Best Practices: Generate Synthetic Data

  03 Jun 2018


When building data pipelines it is essential that we have some data available for development. In some situations you might be able to use a subset of the production data, but in other scenarios, e.g. when no production data is yet available or the data is too sensitive, you are better off genereting synthetic data.

The task to generate synthetic data shouldn’t be painful - we don’t want to do this by hand. There are various open source tools available that can do the job. One of the more advanced ones is FakeIt.js.

In this very short tutorial we will create a simple data model based on Users putting in Orders for Products.
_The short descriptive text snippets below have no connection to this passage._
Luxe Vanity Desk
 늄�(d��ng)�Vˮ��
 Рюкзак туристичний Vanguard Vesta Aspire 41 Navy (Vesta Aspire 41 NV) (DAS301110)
The aim of this tutorial is to show you how easy it is to create synthetic datasets with relationships with FakeIt.js.

The great advantage of FakeIt.js is that the data models can be defined as YAML files, so even users who are not that familiar with scripting and programming language can theoretically create synthetic data (as long as they are willing to learn and write a little bit of JavaScript).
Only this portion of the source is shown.